Giant Salivary Gland Calculi (GSGC): Report Of Two Cases
Giacomo Oteri1, *, Rosa Maria Procopio2, Marco Cicciù3
Identifiers and Pagination:Year: 2011
First Page: 90
Last Page: 95
Publisher ID: TODENTJ-5-90
Article History:Received Date: 30/12/2010
Revision Received Date: 15/3/2011
Acceptance Date: 16/3/2011
Electronic publication date: 7/7/2011
Collection year: 2011
open-access license: This is an open access article licensed under the terms of the Creative Commons Attribution Non-Commercial License (http://creativecommons.org/licenses/by-nc/3.0/) which permits unrestricted, non-commercial use, distribution and reproduction in any medium, provided the work is properly cited.
Sialolithiasis is the most common disease of salivary glands. It is a condition characterized by the obstruction of a salivary gland or its excretory duct due to the formation of calcareous concretions, resulting in salivary ectasia and even determining the subsequent dilatation of the salivary gland.

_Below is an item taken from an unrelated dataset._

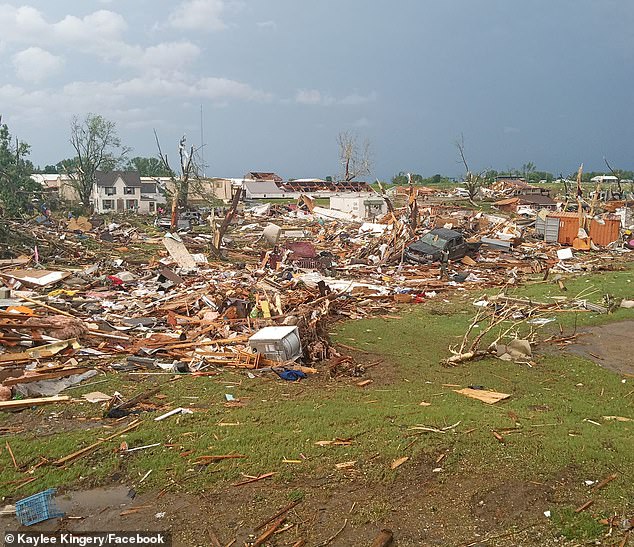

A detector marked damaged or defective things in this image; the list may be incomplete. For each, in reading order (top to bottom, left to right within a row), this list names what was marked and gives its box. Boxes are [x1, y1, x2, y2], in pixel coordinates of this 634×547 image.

damaged car [404, 228, 478, 264]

The sialolith usually measure from 1 mm to less than 10 mm. They rarely measure more than 15 mm. Infrequently giant salivary gland calculi (GSGC) >15 mm have been reported in the literature. The submandibular gland and its duct appear to be the sites most susceptible to this disease.
The aims of this article were: 1) report the cases of two patients suffering of sialolithiasis caused by giant salivary gland calculi occurring in the Wharton’s duct; and 2) present the results of the literature’s research on giant sialolith.
The diagnostic approach of the two cases consisted of trans-occlusal endoral radiography, orthopantomography, CTscan. The patient’s glands were treated with conservative trans-oral surgical technique stone removal in both cases, performed under local anaesthesia.
The glands recovered normal function quickly after removal of the stones.
For the patients the morbidity associated with salivary gland calculi removal follow-up showed asymptomatic and normally functioning glands.